__Directions for this task__: Produce word for word the lines of the data below running from the one that has "Maroon & Green" to the one that has "Toddler Baby Girls", inclusive, and no others.

-- Provided material follows --

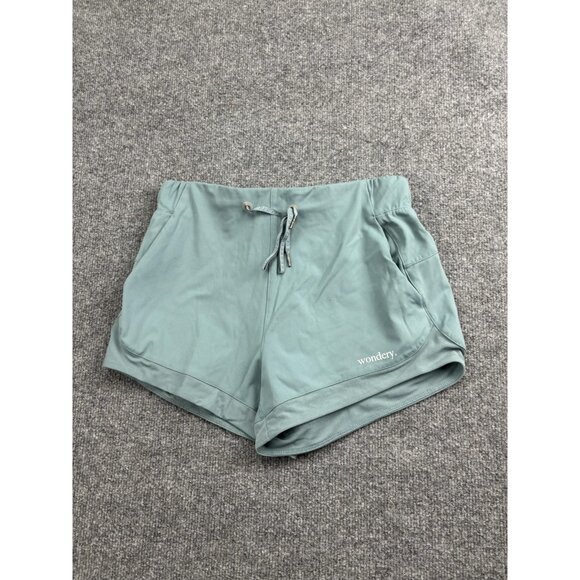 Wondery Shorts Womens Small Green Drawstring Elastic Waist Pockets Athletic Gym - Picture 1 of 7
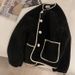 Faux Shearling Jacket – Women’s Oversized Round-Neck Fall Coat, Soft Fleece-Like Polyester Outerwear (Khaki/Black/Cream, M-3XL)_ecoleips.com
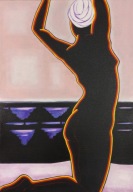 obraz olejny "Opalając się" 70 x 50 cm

-- Provided material concluded --
-- Provided material follows --

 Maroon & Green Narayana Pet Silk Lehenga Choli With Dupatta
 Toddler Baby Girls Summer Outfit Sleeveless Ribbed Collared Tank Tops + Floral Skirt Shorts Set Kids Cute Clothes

-- Provided material concluded --

__Output below__:
 Maroon & Green Narayana Pet Silk Lehenga Choli With Dupatta
 Toddler Baby Girls Summer Outfit Sleeveless Ribbed Collared Tank Tops + Floral Skirt Shorts Set Kids Cute Clothes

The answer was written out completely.